Verifying high-profile claims

Not all politically motivated threat groups leave behind verifiable evidence, such as downloadable data sets. Analysts often find it challenging to verify claimed activity because many lower-level groups rely on methods that are difficult to definitively disprove or are open to broad interpretation.

For example, threat actors frequently claim denial-of-service (DoS) disruptions against websites that actively block automated uptime checks. Pascal Geenens, vice president of cyber threat intelligence at Radware, explains that "'Defacement' can mean anything including a full website compromise and posting a picture in a comment section and sharing the direct link. System compromise claims similarly run the gamut, including genuinely sensitive intrusions and publicly exposed cameras or unprotected IoT dashboards."

The "313 Team" serves as an example of an Iran-aligned group leveraging this ambiguity. The group recently claimed DoS shutdowns of government and military services in Bahrain and Kuwait. Public reporting indicates both governments experienced minor disruptions, but the incidents either lacked the impact 313 Team claimed or were traced to other threat groups.

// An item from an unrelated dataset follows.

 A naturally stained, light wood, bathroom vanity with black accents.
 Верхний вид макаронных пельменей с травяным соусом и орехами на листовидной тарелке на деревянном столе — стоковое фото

"with hacktivist activity, the claim is part of the attack itself," says Justin Moore, senior manager of threat intelligence for Palo Alto Networks' Unit 42. Unit 42 tracked a surge of incident claims at the start of the conflict that lacked verifiable evidence but still generated public concern.

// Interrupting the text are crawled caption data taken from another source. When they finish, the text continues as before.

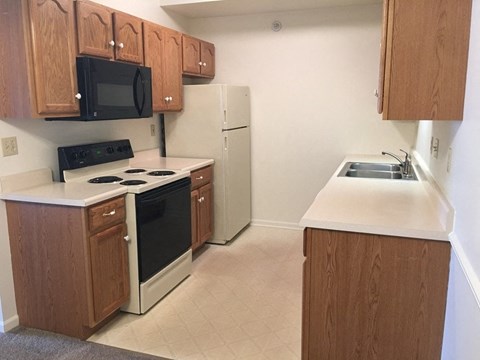 an empty kitchen with a stove refrigerator and sink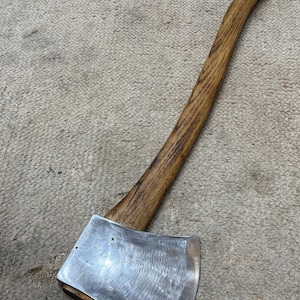 May include: Axe with a wooden handle and a silver-colored blade. The handle is curved and made of a light brown wood. The axe head is a shiny silver color.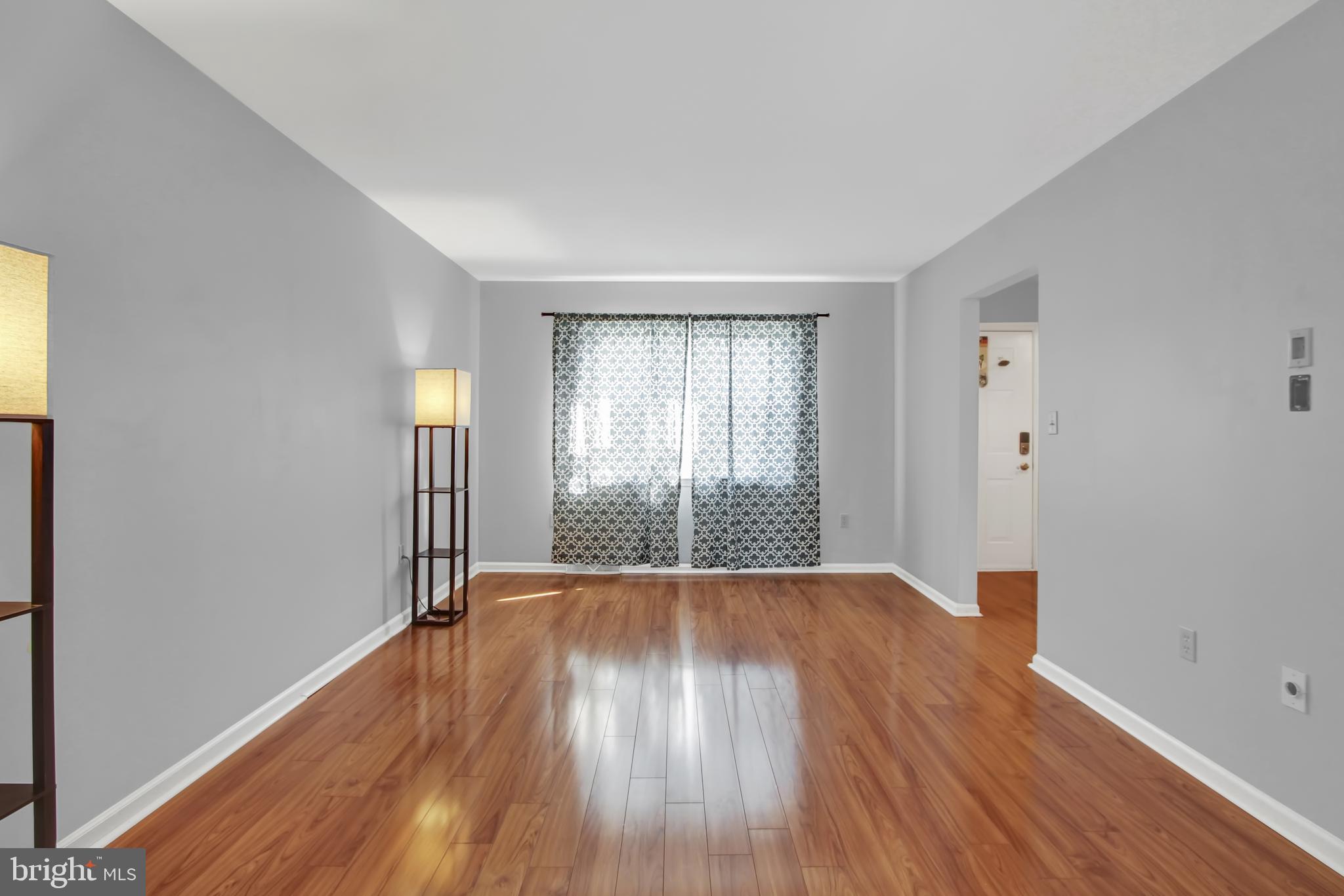 24 Winding Way Lititz, PA 17543 - Photo 6 of 27 a view of an empty room with wooden floor and a window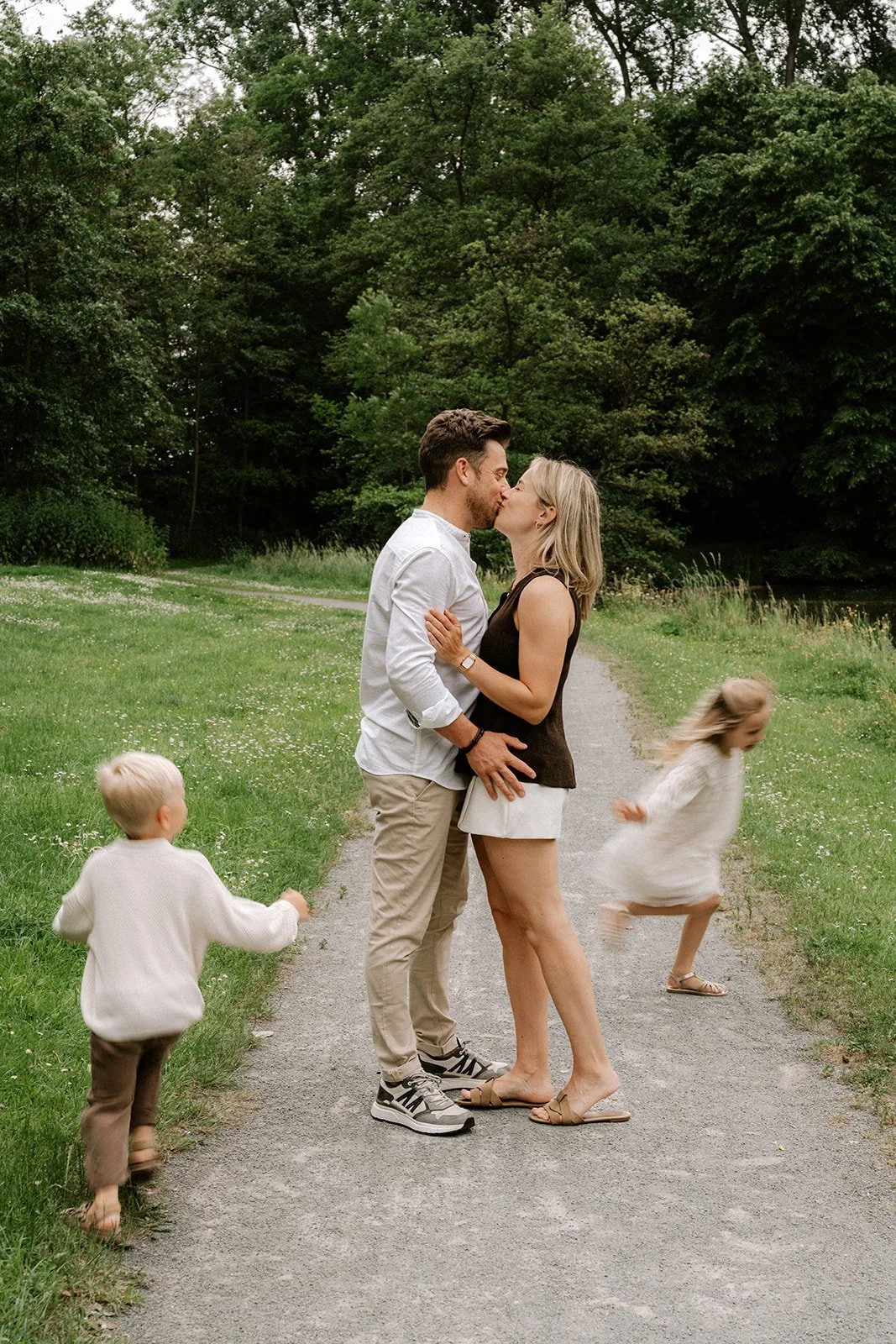 Spelende kinderen en ouders die genieten van dit moment tijdens een leuke fotoshoot in de natuur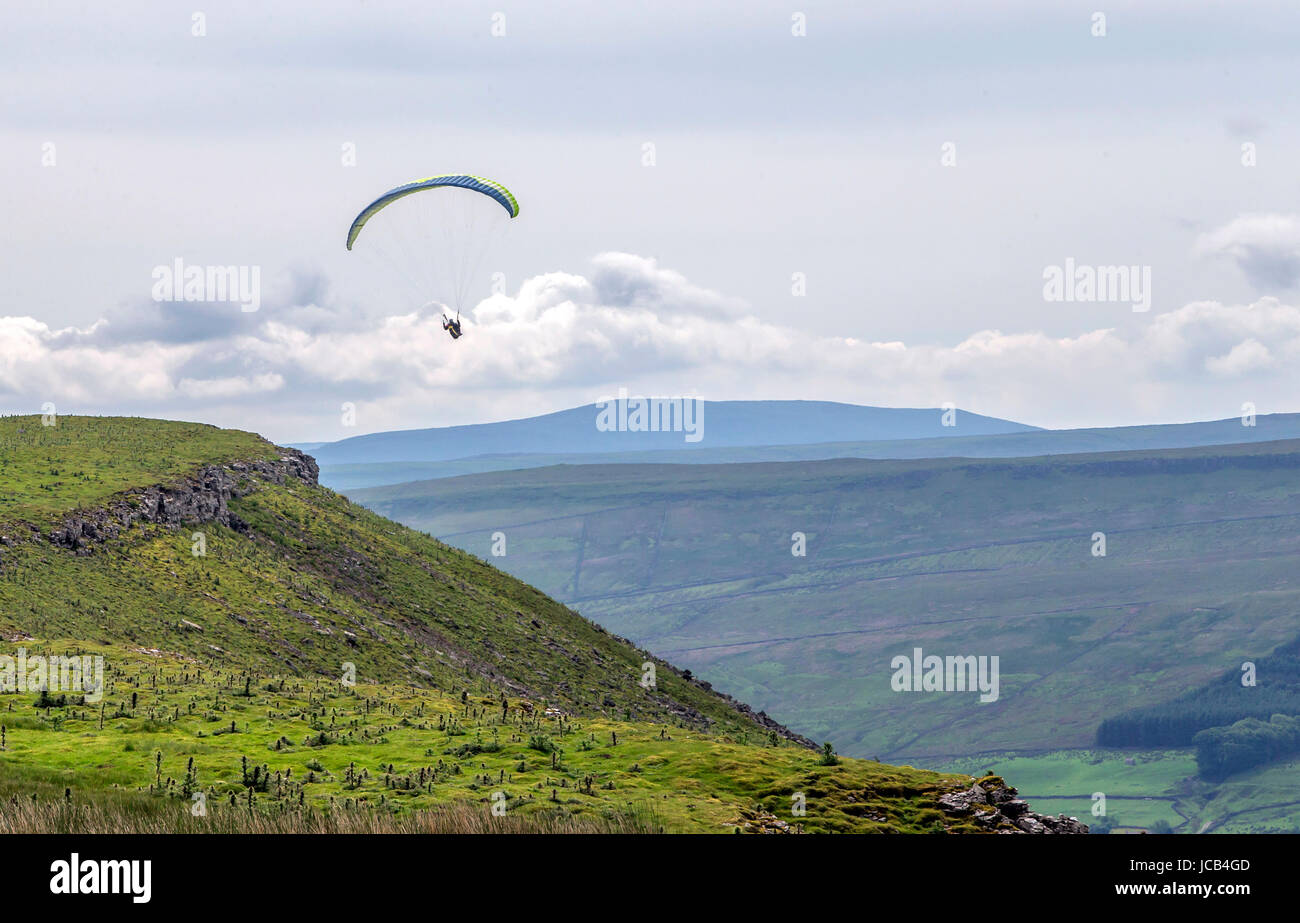 Mitglied der Dales Drachenfliegen und Paragliding Club fliegt einen Gleitschirm in der Nähe von Hirschen fiel in den Yorkshire Dales National Park. Stockfoto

"The narrative that they are operating everywhere is critical to the psychological aspect of their activity, keeping the looming potential threat of attack by them in the news cycle," Moore says. "For an organization, the challenge is managing the reputational fog of war that these groups intentionally create the moment they post on Telegram."

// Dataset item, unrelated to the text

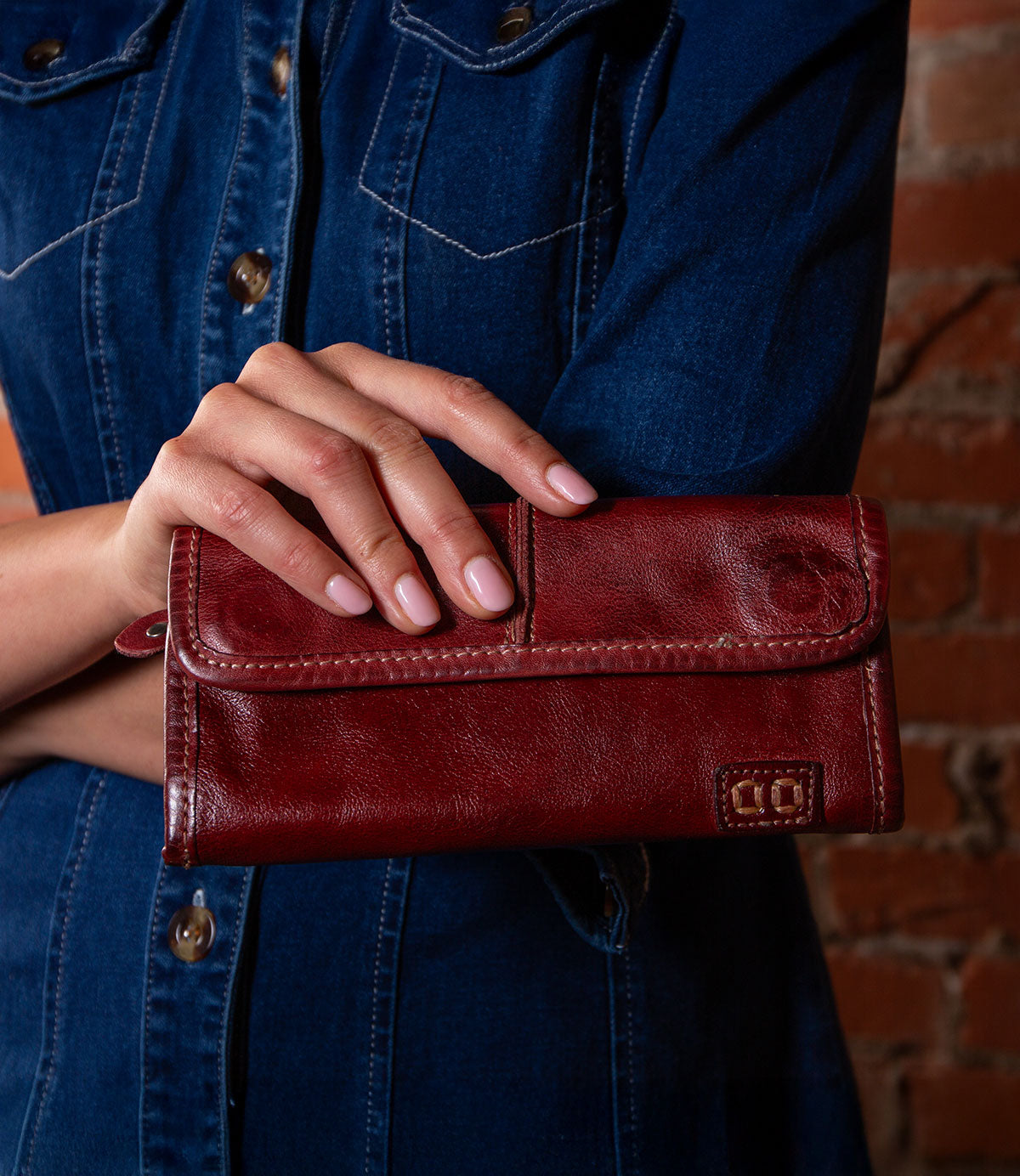 A person in a denim shirt holds the striking red Bed|Stü Canton leather wallet, featuring visible stitching and a subtle embossed logo, effortlessly showcasing this versatile 2-in-1 clutch while standing against a brick wall.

As a baseline for evaluating risk, Geenens notes that groups believed to operate as proxies for a nation-state carry more weight in their claims than self-proclaimed anonymous channels. For instance, Handala, widely assessed to be a false flag operation for Iran's Ministry of Intelligence and Security (MOIS)—is the operation most frequently associated with concrete, verifiable cyber activity in March.

Evaluating the threat scene

Security researchers maintain different perspectives on the severity of the risk these aligned groups pose to organizational infrastructure.

Matt Hull, vice president of cyber intelligence and response at NCC Group, suggests organizations should prepare for more severe outcomes. "While many hacktivist actions are indeed noisy and designed for psychological effect, we have observed a significant shift toward destructive and high-consequence operations," Hull says. He points to groups targeting critical infrastructure and deploying wipers. He also highlights the role of Iran's reported "Electronic Operations Room" (EOR) in coordinating proxy activities.

"The establishment of the Electronic Operations Room (EOR) has synchronized hacktivist groups, allowing them to act as a force multiplier for state objectives," Hull states. "Even if an individual attack seems minor, the cumulative effect creates a massive drain on defensive resources and provides a smoke screen for more sophisticated state-sponsored actors to move undetected."

Loveland offers a more measured assessment of the current situation. "In fact, none of the Iran-linked, pro-Iranian groups (including Handala) or state-sponsored groups are making any meaningful impact on the Iran conflict, as confirmed by numerous independent assessments and our threat analysis," he states. "Iran and its proxies are orchestrating such campaigns on behalf of groups like 'Nasir Security' to sow uncertainty and create the optics of cyberattacks."

To protect operations against these methodologies, security teams should focus on securing vendor and supply chain access. Implementing strict identity controls and multi-factor authentication mitigates the risk of the business email compromise and account takeover tactics these groups rely upon. Additionally, establishing clear communication protocols helps organizations effectively navigate the reputational uncertainty these threat actors attempt to create.